Take nothing but the lines from the one with "Overkicks - Nike" through the one with "KiraMontoya webcam" in the entries below, both ends kept, and return them exactly with pictures left out.

[[ Records for the task, beginning ]]

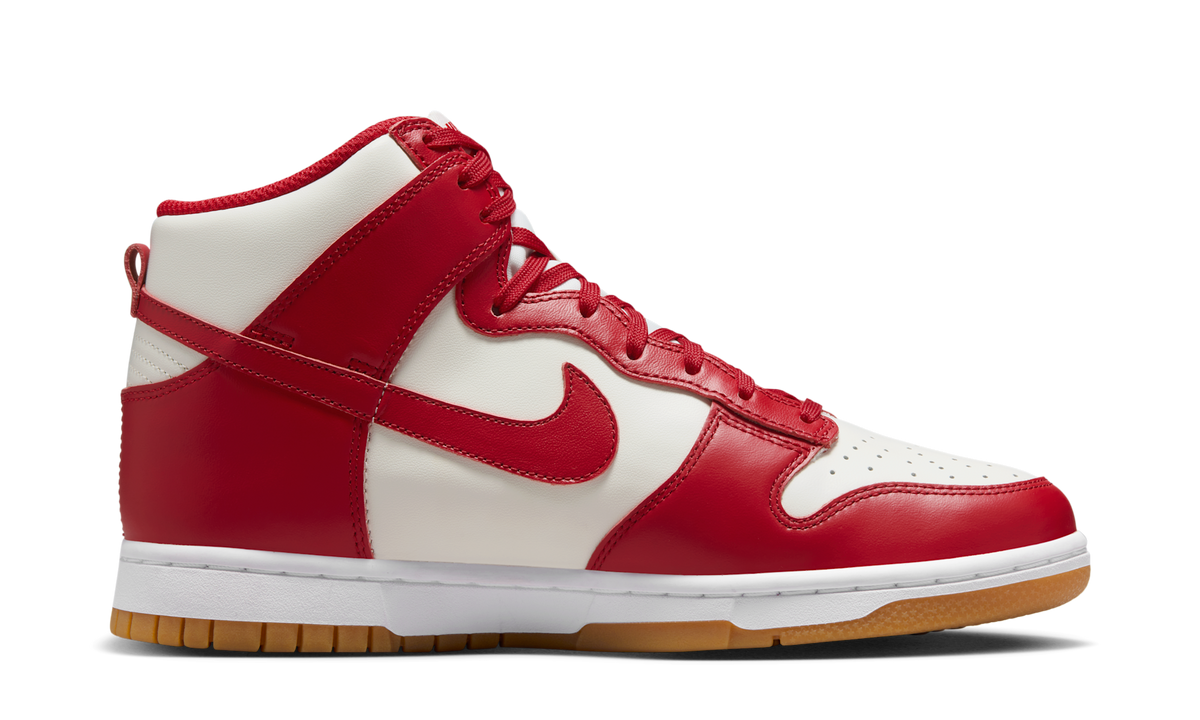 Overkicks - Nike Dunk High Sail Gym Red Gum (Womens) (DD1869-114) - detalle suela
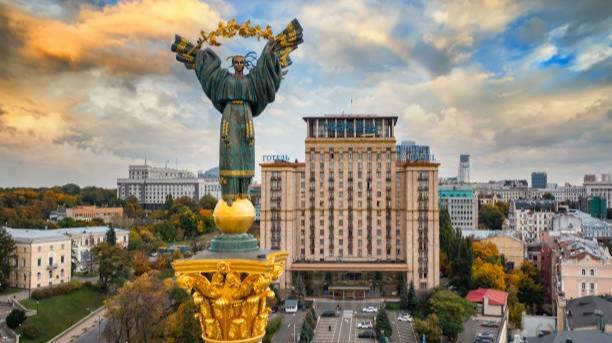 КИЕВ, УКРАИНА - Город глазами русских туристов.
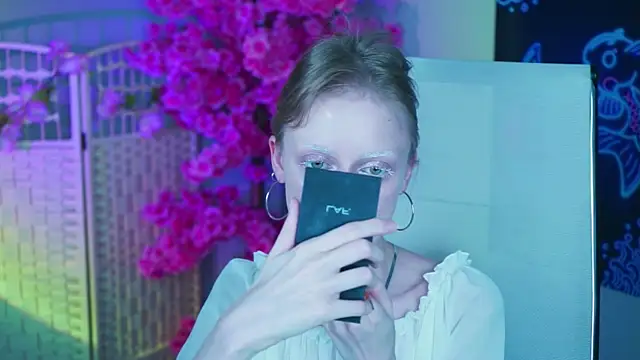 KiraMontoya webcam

[[ Records for the task, end ]]
[[ Records for the task, beginning ]]

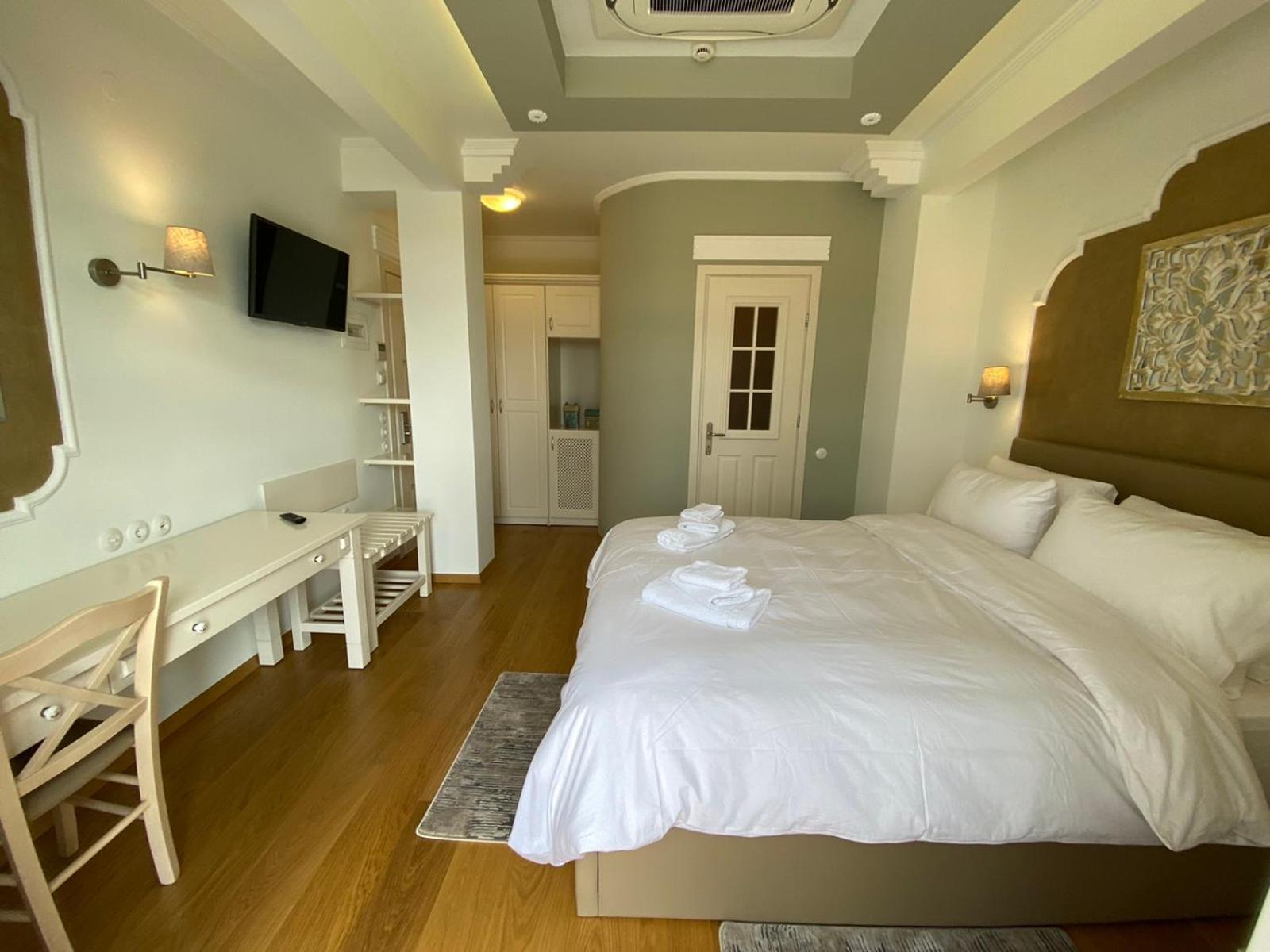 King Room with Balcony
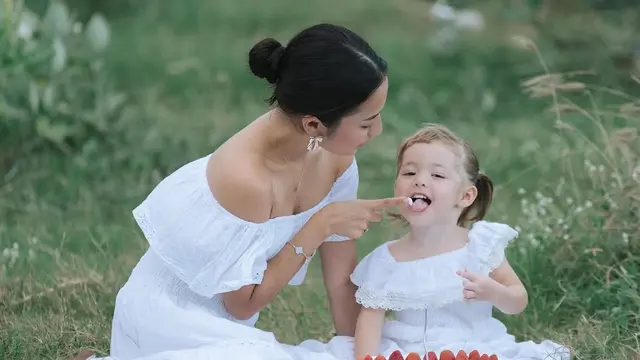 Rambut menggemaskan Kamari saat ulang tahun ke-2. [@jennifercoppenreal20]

[[ Records for the task, end ]]

▸ Answer area:
 Overkicks - Nike Dunk High Sail Gym Red Gum (Womens) (DD1869-114) - detalle suela
 КИЕВ, УКРАИНА - Город глазами русских туристов.
 KiraMontoya webcam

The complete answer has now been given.